▸ **Task statement**
Using the records below, write out again exactly the lines that begin at the line containing "2 persoons vakantie" and end at the line containing "Okulary reima przeciwsłoneczne", and no other lines.

▸ **Data to use**
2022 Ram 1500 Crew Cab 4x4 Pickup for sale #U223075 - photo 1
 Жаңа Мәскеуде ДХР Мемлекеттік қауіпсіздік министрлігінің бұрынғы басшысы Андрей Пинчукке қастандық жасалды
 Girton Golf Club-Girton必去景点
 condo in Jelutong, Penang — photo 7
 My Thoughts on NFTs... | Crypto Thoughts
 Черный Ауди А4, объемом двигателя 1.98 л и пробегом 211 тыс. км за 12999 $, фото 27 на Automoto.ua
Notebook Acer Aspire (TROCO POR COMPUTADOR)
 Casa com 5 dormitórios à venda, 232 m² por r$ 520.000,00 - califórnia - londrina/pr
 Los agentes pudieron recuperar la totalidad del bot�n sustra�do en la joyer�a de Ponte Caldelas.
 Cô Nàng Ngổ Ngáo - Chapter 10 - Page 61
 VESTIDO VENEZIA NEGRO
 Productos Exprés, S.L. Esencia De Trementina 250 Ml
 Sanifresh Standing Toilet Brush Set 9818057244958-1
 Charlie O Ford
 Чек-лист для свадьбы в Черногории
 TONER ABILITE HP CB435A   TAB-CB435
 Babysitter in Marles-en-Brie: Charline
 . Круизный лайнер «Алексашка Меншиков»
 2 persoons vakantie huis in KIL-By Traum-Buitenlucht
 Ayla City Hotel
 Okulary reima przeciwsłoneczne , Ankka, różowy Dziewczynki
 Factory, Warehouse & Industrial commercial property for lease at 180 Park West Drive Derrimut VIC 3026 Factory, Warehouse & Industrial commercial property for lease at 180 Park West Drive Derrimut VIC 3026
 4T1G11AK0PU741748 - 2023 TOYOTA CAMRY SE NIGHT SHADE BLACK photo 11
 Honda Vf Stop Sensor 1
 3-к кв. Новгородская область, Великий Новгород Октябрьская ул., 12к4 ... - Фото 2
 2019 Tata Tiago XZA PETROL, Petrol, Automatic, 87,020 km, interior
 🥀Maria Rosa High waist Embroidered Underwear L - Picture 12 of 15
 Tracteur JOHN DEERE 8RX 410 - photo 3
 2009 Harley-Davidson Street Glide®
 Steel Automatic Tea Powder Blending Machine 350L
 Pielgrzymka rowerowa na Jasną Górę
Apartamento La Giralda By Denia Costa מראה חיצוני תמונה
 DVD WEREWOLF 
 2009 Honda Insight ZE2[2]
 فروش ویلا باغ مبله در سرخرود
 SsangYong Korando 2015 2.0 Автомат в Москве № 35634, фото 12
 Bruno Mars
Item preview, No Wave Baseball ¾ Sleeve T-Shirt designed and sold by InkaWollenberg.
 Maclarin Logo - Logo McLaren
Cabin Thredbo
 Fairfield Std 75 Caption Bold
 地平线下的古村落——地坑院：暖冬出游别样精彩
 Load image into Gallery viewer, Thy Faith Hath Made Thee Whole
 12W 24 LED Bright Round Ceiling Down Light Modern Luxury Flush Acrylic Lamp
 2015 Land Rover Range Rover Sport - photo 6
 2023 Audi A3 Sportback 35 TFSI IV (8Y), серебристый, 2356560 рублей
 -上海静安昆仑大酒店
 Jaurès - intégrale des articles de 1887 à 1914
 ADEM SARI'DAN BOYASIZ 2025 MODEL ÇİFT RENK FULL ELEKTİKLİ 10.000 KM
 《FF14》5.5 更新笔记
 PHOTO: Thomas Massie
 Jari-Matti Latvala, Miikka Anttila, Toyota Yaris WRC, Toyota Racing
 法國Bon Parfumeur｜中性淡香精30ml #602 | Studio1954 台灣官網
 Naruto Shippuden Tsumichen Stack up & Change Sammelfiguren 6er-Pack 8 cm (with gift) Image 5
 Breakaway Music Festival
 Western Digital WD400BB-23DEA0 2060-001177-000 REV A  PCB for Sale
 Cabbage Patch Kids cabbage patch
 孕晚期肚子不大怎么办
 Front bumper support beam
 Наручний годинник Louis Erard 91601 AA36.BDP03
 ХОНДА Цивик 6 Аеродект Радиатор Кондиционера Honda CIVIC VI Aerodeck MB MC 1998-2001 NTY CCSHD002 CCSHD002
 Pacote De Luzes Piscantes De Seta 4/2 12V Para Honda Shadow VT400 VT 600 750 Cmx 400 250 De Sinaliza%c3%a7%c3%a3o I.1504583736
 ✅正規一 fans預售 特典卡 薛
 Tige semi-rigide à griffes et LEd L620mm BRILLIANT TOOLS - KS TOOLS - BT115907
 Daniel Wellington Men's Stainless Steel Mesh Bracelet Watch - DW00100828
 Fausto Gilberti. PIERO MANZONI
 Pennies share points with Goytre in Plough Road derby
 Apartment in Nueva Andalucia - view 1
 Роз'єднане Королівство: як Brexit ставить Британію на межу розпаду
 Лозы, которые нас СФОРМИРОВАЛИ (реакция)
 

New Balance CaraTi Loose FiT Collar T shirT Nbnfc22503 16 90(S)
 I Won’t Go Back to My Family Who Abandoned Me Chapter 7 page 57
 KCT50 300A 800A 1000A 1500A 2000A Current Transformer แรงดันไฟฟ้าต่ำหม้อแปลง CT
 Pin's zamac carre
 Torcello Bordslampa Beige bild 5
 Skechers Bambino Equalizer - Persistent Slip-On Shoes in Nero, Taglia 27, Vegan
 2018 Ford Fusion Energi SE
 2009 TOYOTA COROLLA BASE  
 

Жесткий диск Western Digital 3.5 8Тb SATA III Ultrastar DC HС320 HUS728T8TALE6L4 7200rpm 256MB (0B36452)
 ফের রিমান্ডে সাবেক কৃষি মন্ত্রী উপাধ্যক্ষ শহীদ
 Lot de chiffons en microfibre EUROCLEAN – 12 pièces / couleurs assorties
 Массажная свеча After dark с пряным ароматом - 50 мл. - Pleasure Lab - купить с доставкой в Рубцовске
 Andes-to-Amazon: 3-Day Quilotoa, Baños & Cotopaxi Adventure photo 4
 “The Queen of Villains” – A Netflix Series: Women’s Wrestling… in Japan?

▸ **Written response**
 2 persoons vakantie huis in KIL-By Traum-Buitenlucht
 Ayla City Hotel
 Okulary reima przeciwsłoneczne , Ankka, różowy Dziewczynki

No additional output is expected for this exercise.